One of the strengths of ordinary multivariable calculus is that you can use notation where functions are expressed pointwise (e.g. $\int_a^b x^2 \, \mathrm{d}x$ rather than merely $\int_a^b f$), and after applying all of the insights of differential geometry, we can make sense of path integrals
$$ \int_\gamma u \, \mathrm{d} v$$
for *any* (sufficiently nice) scalar fields $u,v : M \to \mathbb{R}$ and curve $[0,1] \to M$, as well as $\mathrm{d}v$ as being an object in its own right. Part of the key to why this notation works, in my opinion, is that both functions and differential forms *pull back* with respect to smooth maps of manifolds.

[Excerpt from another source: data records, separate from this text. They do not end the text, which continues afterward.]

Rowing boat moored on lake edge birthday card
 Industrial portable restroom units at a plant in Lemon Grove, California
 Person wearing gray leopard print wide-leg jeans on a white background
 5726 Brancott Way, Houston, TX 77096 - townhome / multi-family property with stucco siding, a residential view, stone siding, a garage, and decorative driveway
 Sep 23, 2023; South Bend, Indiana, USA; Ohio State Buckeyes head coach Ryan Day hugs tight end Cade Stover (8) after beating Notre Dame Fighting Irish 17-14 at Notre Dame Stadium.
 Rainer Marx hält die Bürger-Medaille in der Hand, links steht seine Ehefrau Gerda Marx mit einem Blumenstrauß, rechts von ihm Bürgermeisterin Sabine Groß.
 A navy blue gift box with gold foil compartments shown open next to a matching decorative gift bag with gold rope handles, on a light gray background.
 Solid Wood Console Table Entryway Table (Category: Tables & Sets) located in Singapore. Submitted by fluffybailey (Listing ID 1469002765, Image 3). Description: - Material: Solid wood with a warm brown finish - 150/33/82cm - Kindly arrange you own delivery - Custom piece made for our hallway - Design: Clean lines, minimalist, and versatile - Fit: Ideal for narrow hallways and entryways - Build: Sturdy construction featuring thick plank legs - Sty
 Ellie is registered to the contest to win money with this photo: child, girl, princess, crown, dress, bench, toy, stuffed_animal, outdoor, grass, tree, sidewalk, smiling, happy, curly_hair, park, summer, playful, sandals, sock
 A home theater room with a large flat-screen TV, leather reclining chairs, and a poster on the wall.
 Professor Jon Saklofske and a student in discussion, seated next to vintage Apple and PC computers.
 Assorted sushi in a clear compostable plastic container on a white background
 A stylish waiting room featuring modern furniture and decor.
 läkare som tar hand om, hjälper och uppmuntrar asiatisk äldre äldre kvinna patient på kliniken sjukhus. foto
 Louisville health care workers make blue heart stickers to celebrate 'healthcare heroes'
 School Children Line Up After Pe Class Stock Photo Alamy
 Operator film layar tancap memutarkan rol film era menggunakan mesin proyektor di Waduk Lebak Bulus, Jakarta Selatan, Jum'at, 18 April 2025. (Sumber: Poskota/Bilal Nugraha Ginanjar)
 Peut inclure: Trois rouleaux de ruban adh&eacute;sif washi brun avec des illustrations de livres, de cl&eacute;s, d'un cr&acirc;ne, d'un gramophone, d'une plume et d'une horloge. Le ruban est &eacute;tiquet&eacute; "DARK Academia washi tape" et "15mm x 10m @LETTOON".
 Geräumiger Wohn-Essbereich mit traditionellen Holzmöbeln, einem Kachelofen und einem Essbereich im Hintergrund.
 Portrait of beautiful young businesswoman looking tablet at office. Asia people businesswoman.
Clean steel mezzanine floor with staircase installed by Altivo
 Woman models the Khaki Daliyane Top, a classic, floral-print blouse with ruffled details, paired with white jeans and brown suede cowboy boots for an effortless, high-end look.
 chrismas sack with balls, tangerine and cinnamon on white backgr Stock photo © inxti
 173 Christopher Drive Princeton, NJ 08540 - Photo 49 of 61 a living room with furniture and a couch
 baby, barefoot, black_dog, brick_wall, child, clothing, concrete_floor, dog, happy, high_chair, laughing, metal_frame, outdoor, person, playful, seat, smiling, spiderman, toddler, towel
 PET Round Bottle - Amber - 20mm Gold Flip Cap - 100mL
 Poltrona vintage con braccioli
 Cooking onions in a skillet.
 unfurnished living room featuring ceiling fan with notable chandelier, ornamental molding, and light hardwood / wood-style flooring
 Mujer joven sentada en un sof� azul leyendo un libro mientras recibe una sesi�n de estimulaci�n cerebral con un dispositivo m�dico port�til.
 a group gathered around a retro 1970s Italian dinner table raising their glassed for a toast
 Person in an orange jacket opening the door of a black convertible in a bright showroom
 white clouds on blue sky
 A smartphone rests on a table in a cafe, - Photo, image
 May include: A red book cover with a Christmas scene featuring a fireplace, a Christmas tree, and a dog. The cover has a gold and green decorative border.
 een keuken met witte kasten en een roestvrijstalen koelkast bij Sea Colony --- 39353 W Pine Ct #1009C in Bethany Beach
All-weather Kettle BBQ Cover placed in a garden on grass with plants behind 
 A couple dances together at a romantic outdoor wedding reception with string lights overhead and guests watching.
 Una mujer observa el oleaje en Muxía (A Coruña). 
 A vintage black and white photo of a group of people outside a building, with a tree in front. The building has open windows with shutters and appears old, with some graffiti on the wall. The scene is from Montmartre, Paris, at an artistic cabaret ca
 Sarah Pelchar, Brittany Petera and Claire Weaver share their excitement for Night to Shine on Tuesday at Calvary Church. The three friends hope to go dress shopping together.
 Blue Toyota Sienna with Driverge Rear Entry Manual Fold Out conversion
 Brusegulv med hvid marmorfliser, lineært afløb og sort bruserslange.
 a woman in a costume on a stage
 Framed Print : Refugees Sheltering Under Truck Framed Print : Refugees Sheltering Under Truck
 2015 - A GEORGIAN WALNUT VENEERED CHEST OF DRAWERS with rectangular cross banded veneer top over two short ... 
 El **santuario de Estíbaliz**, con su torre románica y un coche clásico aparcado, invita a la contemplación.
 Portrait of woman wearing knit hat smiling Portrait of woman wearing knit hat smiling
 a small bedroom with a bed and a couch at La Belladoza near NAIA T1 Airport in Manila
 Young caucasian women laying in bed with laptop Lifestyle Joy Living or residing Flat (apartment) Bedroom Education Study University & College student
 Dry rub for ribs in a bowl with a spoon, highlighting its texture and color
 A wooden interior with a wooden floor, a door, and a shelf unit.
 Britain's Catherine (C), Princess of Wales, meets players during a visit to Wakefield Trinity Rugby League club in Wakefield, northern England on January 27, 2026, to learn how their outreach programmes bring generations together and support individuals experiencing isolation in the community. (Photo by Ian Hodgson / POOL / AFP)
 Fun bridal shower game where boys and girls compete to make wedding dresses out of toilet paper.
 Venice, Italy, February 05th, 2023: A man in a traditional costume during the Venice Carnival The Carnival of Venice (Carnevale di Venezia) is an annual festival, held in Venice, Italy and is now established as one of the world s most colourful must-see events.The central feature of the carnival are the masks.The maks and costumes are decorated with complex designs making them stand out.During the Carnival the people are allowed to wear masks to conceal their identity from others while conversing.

Integrals with respect to measures are often notated similarly; e.g. the integral of a measurable $f$ with respect to a measure $\mu$ over a set $E$ is $\int_E f \, \mathrm{d}\mu$. This can be generalized to have a dummy variable; e.g. $\int_E x^2 \, \mathrm{d}\mu(x)$.

However, measures *push forward* with respect to maps of measure spaces; there doesn't seem to be any hope for a notation for integrals with respect to measures where $\mathrm{d}\mu(x)$ behaves like $\mathrm{d}x$ with respect to the sorts of manipulations we use in integral calculus (e.g. $\mathrm{d}(x^2)$ makes sense, but $\mathrm{d}\mu(x^2)$ doesn't seem reasonable). In fact, the part that the measure most resembles is the *region of integration*; e.g. a notation like
$$ \int_{(X,\mu)} f $$
is better behaved; e.g. given any measurable $g:X \to Y$, the change of variable formula would become
$$ \int_{(X,\mu)} f \circ g = \int_{(Y, g_*(\mu))} f $$

This notation doesn't seem particularly convenient either. Thus, my question is

Is there a notation for doing multivariable calculus with measures that has the similar ease-of-use characteristics as traditional multivariable calculus?